● EXERCISE:
Please repeat, exactly and without pictures, the lines of the entries below that run from the one containing "Heron Fairweather - Silicon Phone Case" through the one containing "STEM Jam graphic".
====== GIVEN INFORMATION
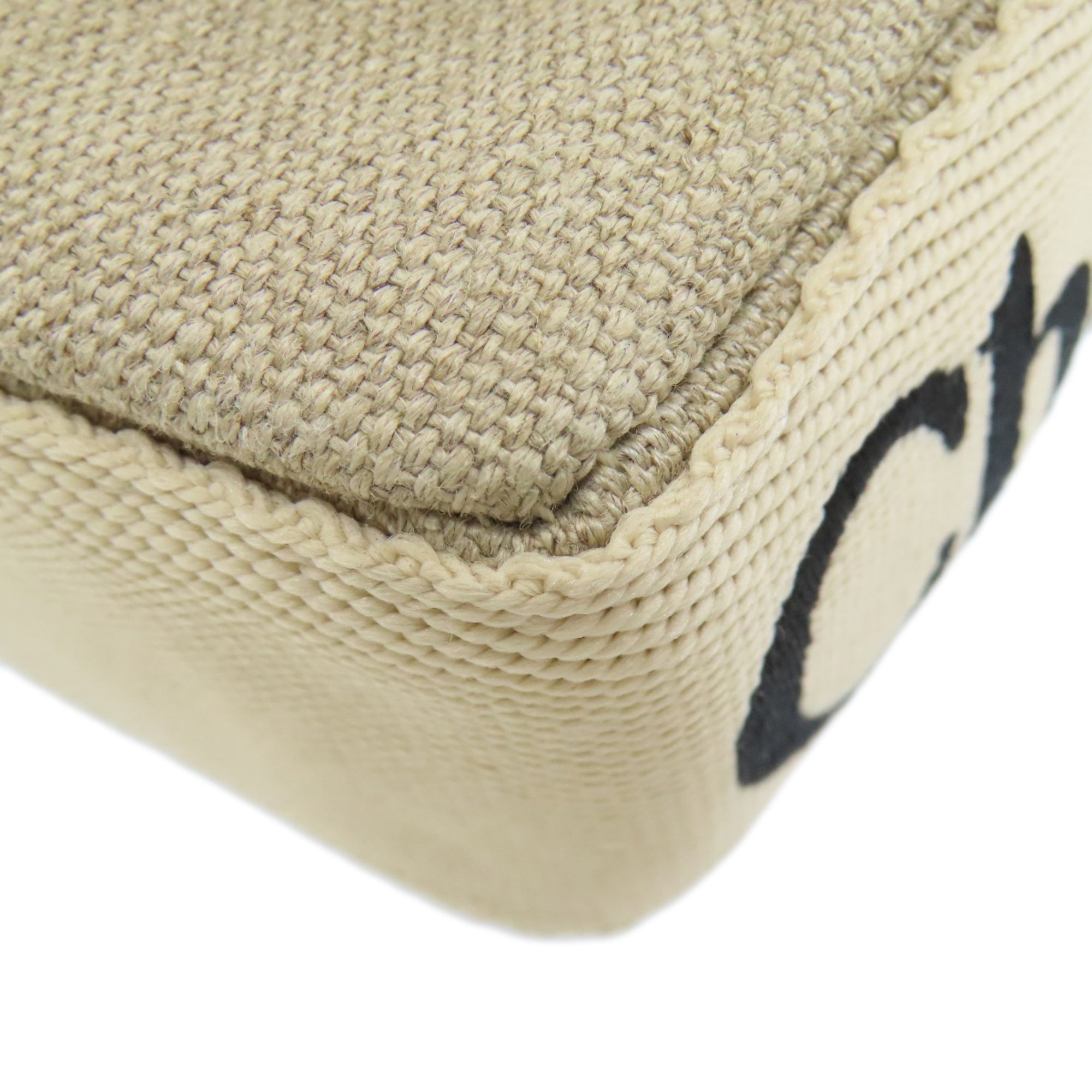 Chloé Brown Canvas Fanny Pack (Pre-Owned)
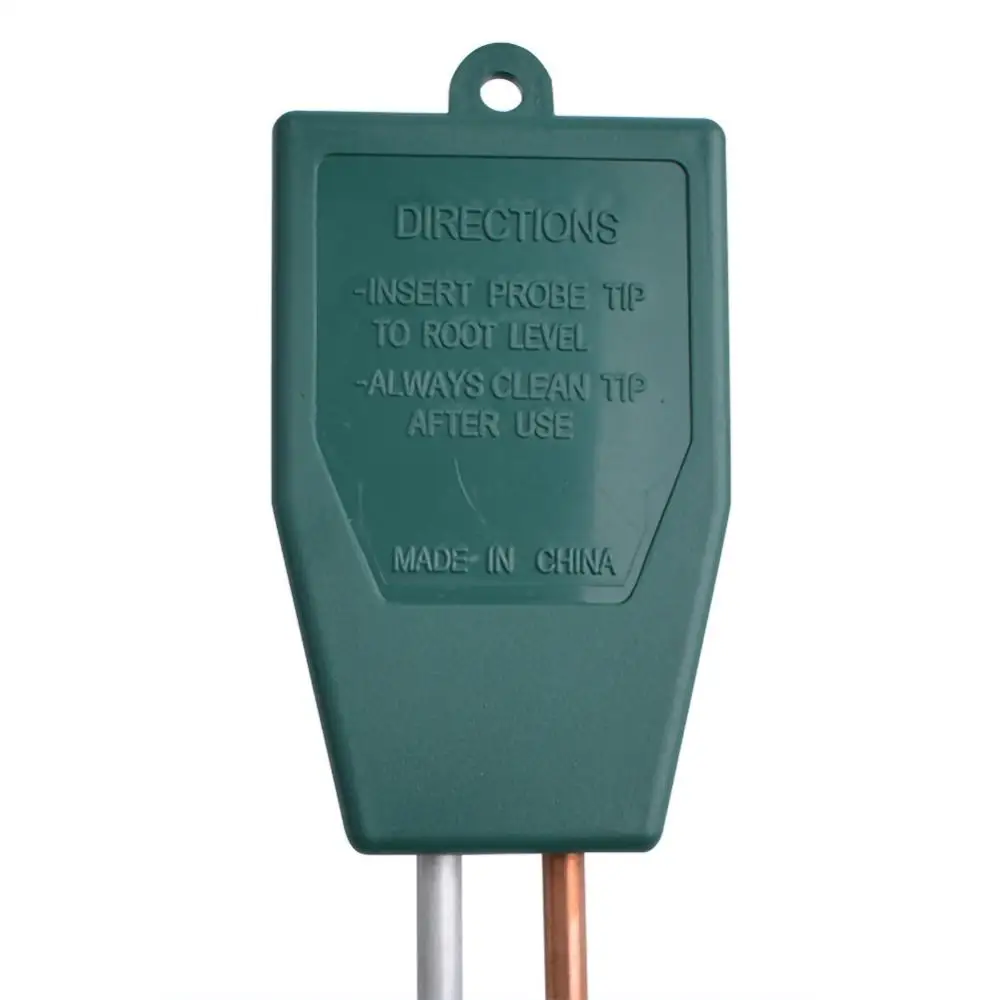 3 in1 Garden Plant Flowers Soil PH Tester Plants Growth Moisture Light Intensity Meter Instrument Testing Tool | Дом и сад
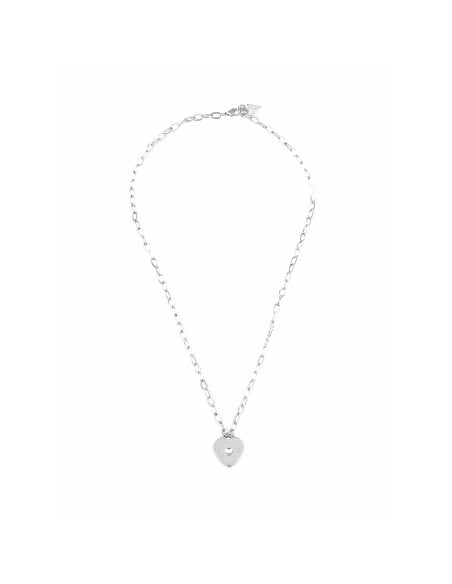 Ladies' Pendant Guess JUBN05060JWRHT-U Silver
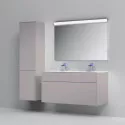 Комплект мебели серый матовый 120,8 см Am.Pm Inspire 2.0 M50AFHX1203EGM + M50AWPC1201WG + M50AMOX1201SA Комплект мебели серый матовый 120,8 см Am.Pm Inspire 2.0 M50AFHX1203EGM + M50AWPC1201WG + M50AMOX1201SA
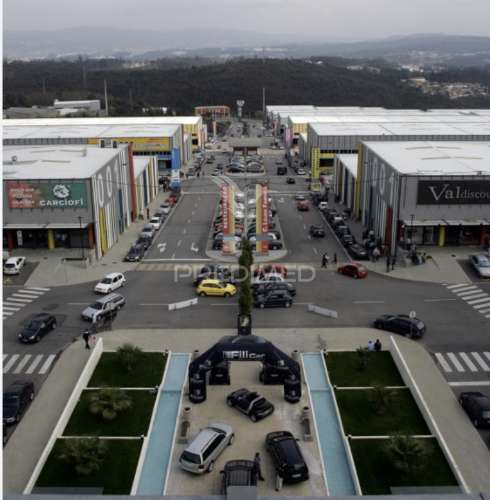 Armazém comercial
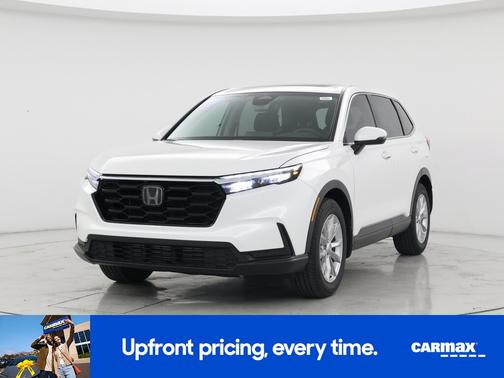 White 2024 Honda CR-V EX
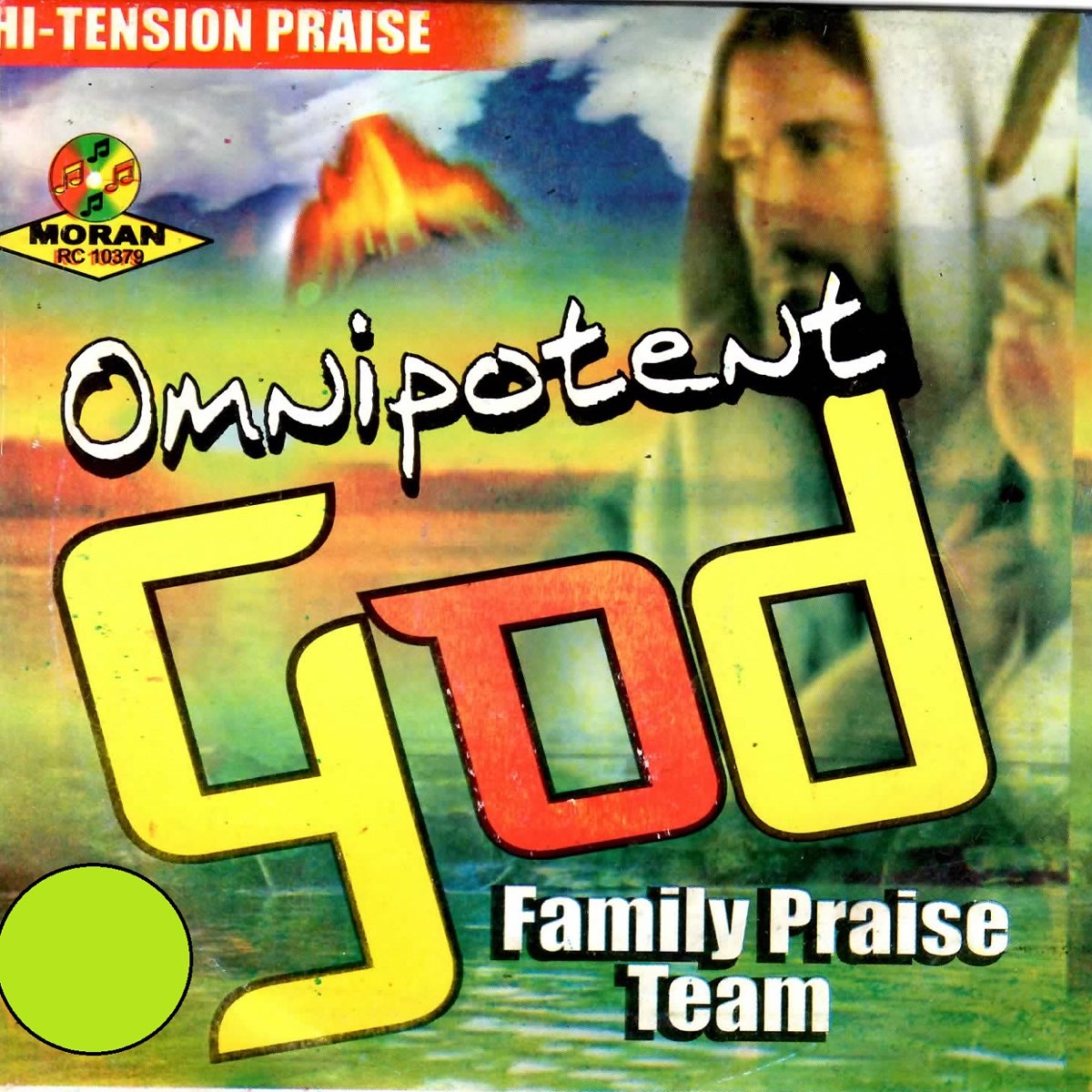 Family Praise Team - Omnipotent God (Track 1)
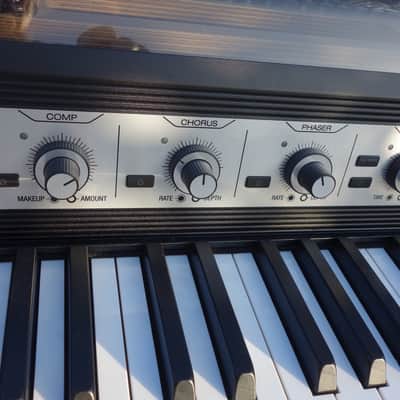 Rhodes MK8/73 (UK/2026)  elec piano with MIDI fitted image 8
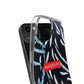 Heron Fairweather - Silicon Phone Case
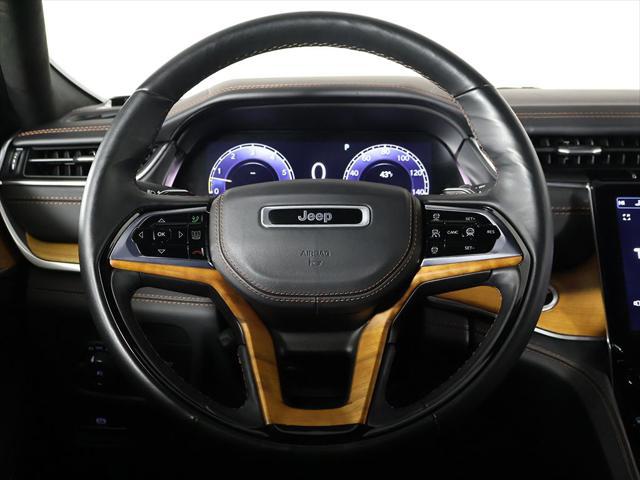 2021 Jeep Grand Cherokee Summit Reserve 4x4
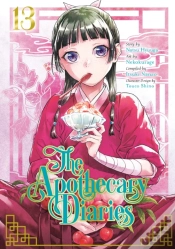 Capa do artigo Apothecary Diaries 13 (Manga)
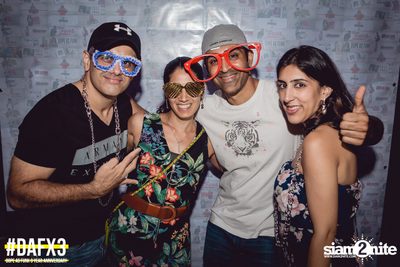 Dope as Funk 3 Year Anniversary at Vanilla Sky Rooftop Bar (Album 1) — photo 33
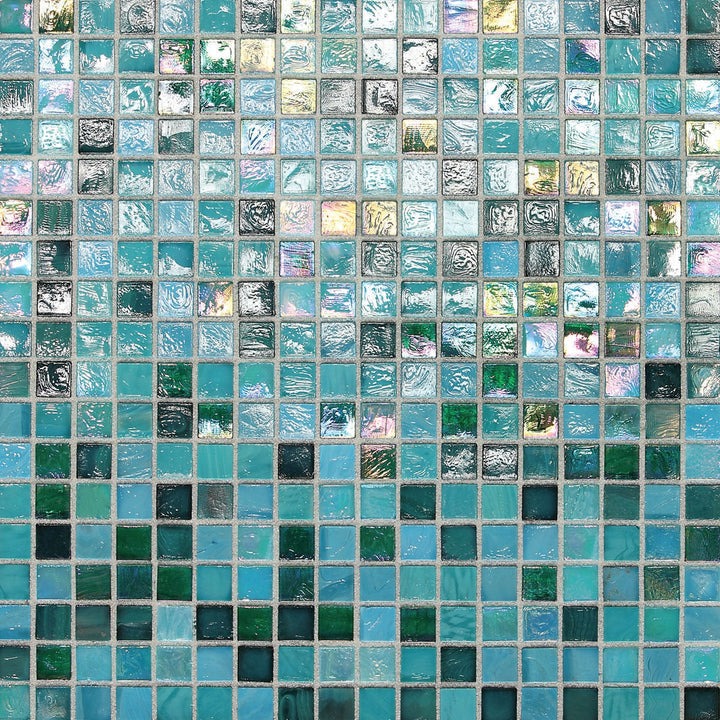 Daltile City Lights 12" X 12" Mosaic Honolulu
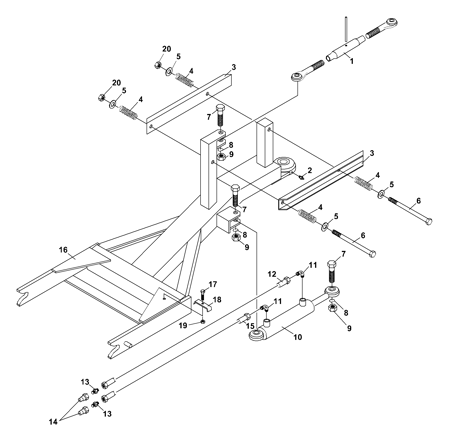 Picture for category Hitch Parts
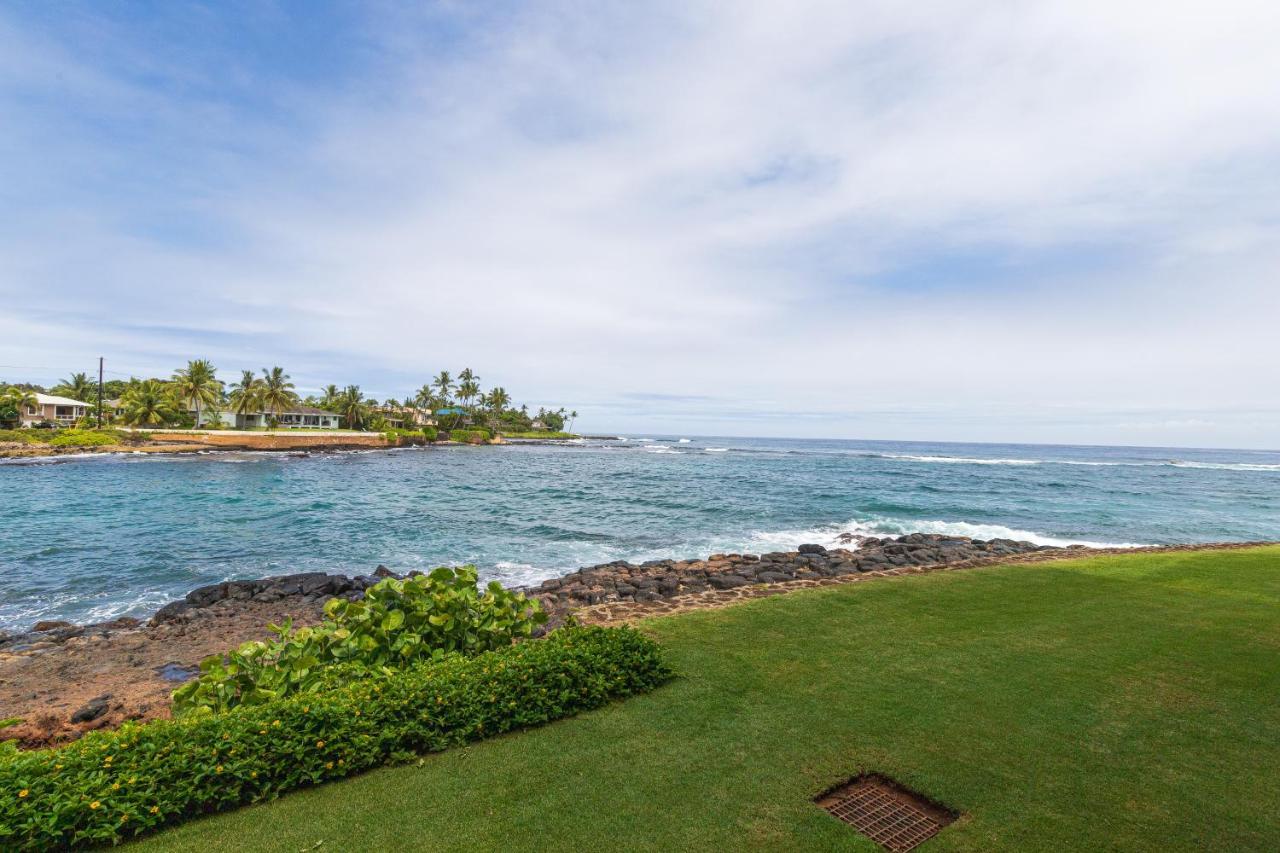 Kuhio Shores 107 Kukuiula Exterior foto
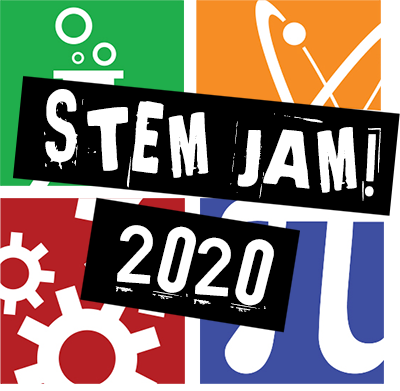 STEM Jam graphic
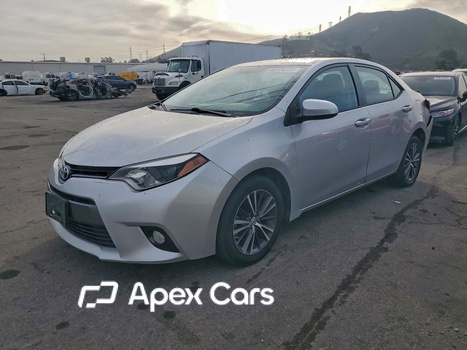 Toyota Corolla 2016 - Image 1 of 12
============
● EXERCISE RESPONSE:
 Heron Fairweather - Silicon Phone Case
 2021 Jeep Grand Cherokee Summit Reserve 4x4
 Capa do artigo Apothecary Diaries 13 (Manga)
 Dope as Funk 3 Year Anniversary at Vanilla Sky Rooftop Bar (Album 1) — photo 33
 Daltile City Lights 12" X 12" Mosaic Honolulu
 Picture for category Hitch Parts
 Kuhio Shores 107 Kukuiula Exterior foto
 STEM Jam graphic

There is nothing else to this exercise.